- _EXERCISE BRIEF_
Of all the lines in the entries below, give again exactly those starting at the line containing "Evia BECOPR6 Flashing" and ending at the line containing "Maryams | Zeenat", both ends included, and no others.

- _DATA TO USE_
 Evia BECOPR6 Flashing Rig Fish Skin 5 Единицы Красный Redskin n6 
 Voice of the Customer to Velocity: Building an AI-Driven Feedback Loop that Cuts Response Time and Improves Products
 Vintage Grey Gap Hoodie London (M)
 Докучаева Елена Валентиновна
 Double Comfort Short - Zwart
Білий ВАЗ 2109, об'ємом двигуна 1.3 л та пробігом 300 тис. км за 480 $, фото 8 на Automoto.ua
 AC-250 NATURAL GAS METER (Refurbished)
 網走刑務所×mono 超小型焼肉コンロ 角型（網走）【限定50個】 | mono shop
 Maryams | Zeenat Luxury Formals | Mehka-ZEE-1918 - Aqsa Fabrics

---

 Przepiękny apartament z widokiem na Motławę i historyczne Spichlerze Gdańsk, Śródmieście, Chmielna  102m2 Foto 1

- _EXERCISE SOLUTION_
 Evia BECOPR6 Flashing Rig Fish Skin 5 Единицы Красный Redskin n6 
 Voice of the Customer to Velocity: Building an AI-Driven Feedback Loop that Cuts Response Time and Improves Products
 Vintage Grey Gap Hoodie London (M)
 Докучаева Елена Валентиновна
 Double Comfort Short - Zwart
Білий ВАЗ 2109, об'ємом двигуна 1.3 л та пробігом 300 тис. км за 480 $, фото 8 на Automoto.ua
 AC-250 NATURAL GAS METER (Refurbished)
 網走刑務所×mono 超小型焼肉コンロ 角型（網走）【限定50個】 | mono shop
 Maryams | Zeenat Luxury Formals | Mehka-ZEE-1918 - Aqsa Fabrics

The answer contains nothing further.